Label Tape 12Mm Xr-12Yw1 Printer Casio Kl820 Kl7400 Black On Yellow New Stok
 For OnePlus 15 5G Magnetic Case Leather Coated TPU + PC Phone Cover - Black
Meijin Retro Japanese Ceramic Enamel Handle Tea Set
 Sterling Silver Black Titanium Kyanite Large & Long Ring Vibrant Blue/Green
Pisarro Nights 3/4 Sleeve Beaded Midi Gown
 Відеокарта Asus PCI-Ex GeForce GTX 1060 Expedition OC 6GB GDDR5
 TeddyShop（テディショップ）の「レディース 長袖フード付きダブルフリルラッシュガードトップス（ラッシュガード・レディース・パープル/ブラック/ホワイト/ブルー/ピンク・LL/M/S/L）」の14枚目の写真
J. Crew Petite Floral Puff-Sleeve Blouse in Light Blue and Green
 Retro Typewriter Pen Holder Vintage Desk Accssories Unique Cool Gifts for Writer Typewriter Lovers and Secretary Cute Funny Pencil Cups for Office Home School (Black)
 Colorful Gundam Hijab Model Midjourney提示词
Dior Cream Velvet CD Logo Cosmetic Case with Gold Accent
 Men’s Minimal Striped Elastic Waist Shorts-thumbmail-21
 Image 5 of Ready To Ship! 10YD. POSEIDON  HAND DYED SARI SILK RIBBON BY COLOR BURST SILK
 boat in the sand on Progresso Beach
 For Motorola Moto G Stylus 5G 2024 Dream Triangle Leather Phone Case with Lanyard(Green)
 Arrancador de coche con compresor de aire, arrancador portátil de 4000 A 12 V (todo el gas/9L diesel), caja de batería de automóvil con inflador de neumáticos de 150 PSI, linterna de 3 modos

=====

**Exercise**
The whole listing should be transcribed word for word.

**Expected answer**
Label Tape 12Mm Xr-12Yw1 Printer Casio Kl820 Kl7400 Black On Yellow New Stok
 For OnePlus 15 5G Magnetic Case Leather Coated TPU + PC Phone Cover - Black
Meijin Retro Japanese Ceramic Enamel Handle Tea Set
 Sterling Silver Black Titanium Kyanite Large & Long Ring Vibrant Blue/Green
Pisarro Nights 3/4 Sleeve Beaded Midi Gown
 Відеокарта Asus PCI-Ex GeForce GTX 1060 Expedition OC 6GB GDDR5
 TeddyShop（テディショップ）の「レディース 長袖フード付きダブルフリルラッシュガードトップス（ラッシュガード・レディース・パープル/ブラック/ホワイト/ブルー/ピンク・LL/M/S/L）」の14枚目の写真
J. Crew Petite Floral Puff-Sleeve Blouse in Light Blue and Green
 Retro Typewriter Pen Holder Vintage Desk Accssories Unique Cool Gifts for Writer Typewriter Lovers and Secretary Cute Funny Pencil Cups for Office Home School (Black)
 Colorful Gundam Hijab Model Midjourney提示词
Dior Cream Velvet CD Logo Cosmetic Case with Gold Accent
 Men’s Minimal Striped Elastic Waist Shorts-thumbmail-21
 Image 5 of Ready To Ship! 10YD. POSEIDON  HAND DYED SARI SILK RIBBON BY COLOR BURST SILK
 boat in the sand on Progresso Beach
 For Motorola Moto G Stylus 5G 2024 Dream Triangle Leather Phone Case with Lanyard(Green)
 Arrancador de coche con compresor de aire, arrancador portátil de 4000 A 12 V (todo el gas/9L diesel), caja de batería de automóvil con inflador de neumáticos de 150 PSI, linterna de 3 modos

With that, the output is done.